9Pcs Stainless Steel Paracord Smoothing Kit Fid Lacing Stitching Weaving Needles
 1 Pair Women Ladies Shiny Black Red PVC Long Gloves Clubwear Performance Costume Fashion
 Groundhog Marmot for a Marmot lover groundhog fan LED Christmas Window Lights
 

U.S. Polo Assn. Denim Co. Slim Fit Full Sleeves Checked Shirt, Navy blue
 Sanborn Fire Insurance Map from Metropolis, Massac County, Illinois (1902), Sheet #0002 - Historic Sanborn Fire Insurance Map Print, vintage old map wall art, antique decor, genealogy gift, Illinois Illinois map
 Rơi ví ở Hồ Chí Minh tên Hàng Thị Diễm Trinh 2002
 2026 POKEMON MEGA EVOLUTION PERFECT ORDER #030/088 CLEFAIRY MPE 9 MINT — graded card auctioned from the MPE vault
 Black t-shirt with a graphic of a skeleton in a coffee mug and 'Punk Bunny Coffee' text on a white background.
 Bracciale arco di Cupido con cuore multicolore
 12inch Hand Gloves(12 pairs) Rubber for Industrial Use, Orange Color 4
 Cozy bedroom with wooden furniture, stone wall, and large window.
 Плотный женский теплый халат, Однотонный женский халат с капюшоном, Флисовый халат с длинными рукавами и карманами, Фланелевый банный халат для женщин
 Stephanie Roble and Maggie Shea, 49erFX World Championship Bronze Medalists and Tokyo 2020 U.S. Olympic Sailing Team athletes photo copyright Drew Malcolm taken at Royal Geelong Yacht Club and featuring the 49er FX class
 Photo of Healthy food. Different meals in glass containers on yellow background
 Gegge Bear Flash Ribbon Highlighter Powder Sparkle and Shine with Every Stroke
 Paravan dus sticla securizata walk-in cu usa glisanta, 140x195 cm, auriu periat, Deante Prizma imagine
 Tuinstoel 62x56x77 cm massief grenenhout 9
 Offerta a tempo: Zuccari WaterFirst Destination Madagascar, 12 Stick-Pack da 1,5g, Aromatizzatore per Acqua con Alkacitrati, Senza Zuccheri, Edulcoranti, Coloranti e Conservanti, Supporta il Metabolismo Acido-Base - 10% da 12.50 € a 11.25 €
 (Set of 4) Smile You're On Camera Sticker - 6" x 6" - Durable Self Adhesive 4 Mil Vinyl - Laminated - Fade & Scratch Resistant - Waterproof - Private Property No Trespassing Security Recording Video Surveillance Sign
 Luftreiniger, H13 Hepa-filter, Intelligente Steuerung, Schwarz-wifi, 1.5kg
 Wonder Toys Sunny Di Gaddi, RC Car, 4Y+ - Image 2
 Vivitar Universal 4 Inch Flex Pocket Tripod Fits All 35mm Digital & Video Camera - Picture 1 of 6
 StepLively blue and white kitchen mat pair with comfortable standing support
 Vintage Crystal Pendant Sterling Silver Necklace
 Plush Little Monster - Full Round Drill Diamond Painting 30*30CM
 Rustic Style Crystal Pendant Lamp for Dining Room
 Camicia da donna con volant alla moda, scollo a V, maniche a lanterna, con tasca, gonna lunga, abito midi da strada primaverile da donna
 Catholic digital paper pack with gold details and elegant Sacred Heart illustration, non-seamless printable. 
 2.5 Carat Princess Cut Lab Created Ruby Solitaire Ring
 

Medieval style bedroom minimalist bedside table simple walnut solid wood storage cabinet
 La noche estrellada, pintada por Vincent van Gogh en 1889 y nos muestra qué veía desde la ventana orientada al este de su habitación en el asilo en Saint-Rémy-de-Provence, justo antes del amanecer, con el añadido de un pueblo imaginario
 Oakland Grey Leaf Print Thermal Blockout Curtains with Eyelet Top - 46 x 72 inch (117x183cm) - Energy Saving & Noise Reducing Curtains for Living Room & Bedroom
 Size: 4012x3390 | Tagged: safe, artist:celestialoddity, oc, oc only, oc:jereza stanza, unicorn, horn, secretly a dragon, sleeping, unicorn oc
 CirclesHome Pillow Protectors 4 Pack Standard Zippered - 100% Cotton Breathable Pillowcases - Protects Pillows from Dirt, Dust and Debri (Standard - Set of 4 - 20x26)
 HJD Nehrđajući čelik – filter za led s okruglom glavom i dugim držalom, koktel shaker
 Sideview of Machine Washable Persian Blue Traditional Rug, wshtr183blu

*Your task*: Exactly the lines above from the one with "Vivitar Universal 4" to the one with "Rustic Style Crystal", both included, are to be quoted; leave the rest out.

*Task result*:
 Vivitar Universal 4 Inch Flex Pocket Tripod Fits All 35mm Digital & Video Camera - Picture 1 of 6
 StepLively blue and white kitchen mat pair with comfortable standing support
 Vintage Crystal Pendant Sterling Silver Necklace
 Plush Little Monster - Full Round Drill Diamond Painting 30*30CM
 Rustic Style Crystal Pendant Lamp for Dining Room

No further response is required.